Young campaigners protesting wind farms block one of the entrances to The Prime Minister's Office in Oslo, Norway, Friday, June 2, 2023. A group of 18 activists that were charged for not paying the fines they were given when they blocked several entrances to Norwegian government offices in 2023 over a wind farm that they say hinders the rights of the Sami Indigenous people to raise reindeer, were Tuesday, April 9 2024, acquitted by an Oslo court. Credit: AP/Lise Aserud

COPENHAGEN — A Norwegian court on Tuesday ruled that police acted unreasonably when they fined 18 activists for blocking entrances to government buildings last year, and acquitted the activists of charges of failing to pay the fines.

The group had taken part in actions in February and March 2023 over a wind farm that they say hinders the rights of the Sami Indigenous people to raise reindeer.

In its ruling, the court concluded “that it is neither necessary nor proportionate to react with a fine in the present case here.” It noted in particular that the activists were protesting about the continued operation of the wind farm despite an earlier Supreme Court judgment that the construction of the turbines had violated the rights of the Sami, who have used the land for reindeer for centuries.

Lawyers for activists said that the ruling “marks an important milestone for freedom of assembly and expression in Norway,” and that the court “found that the interventions by the state — the order to end the demonstration, the carrying out, the bringing to the police station and punitive action — overall violated the defendants' right to participate in peaceful assemblies and demonstrations.”
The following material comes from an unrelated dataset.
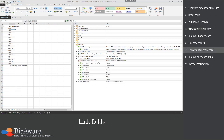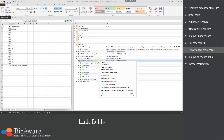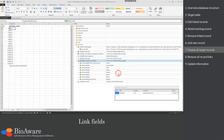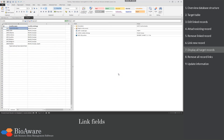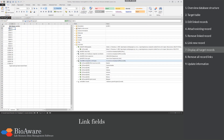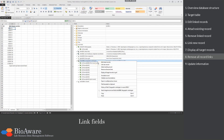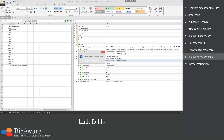To see all the linked records in a separate table view, right-click and choose Display all target records in Grid. The new table view is now open, showing only the 8 records that were linked to the strain Bio 1. To remove all the links of a given link field, right-click and select Remove all record links, then confirm the removal.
There are 151 turbines at Europe’s largest onshore wind farm, which is located in central Norway’s Fosen district, about 450 kilometers (280 miles) north of the capital, Oslo. The activists say a transition to green energy shouldn’t come at the expense of the rights of Indigenous people.
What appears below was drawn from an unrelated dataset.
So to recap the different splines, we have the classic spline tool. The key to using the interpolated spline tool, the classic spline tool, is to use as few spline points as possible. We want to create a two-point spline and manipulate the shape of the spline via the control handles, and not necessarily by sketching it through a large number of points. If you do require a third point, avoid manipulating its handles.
They have demonstrated repeatedly against the wind farm’s continued operation since the Supreme Court ruling in October 2021.

On Feb. 27, 2023, thirteen of them occupied the entrance hall of the Norwegian Energy Ministry and on March 2 five others blocked access to the Finance Ministry. They were removed by police and given fines of up for 5,000 kroner ($467) for not complying with the police order to leave the sites. They refused to pay the fines and were charged for not doing so.
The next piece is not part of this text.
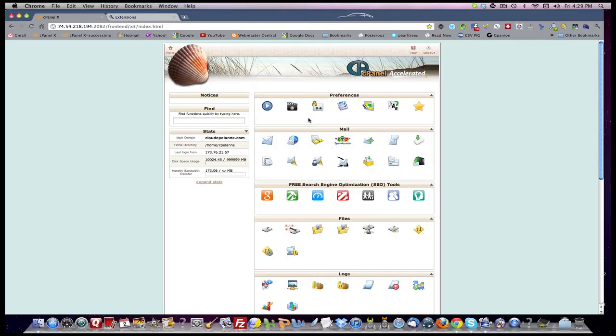So I called up my friendly hosting company, HostGator, and I showed them what was going on, and they said, you should check your extensions.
The Oslo District Court on Tuesday said there is “no ‘particular justification’ to respond with a fine or other punitive action, meaning (the activists) must be acquitted.”

Ella Marie Hætta Isaksen, one of the activists, told Norwegian broadcaster NRK that she was surprised by the ruling.

“We had prepared for the worst, so the fact that we are all acquitted feels very good," she said.

Last month, the Norwegian government reached an agreement with the Sami people under which all of the the partially state-owned farm’s turbines will stay in operation. The Sami will receive compensation — including a share of energy produced — along with a new area for winter grazing and a grant of 5 million kroner ($467,000) for strengthening Sami culture.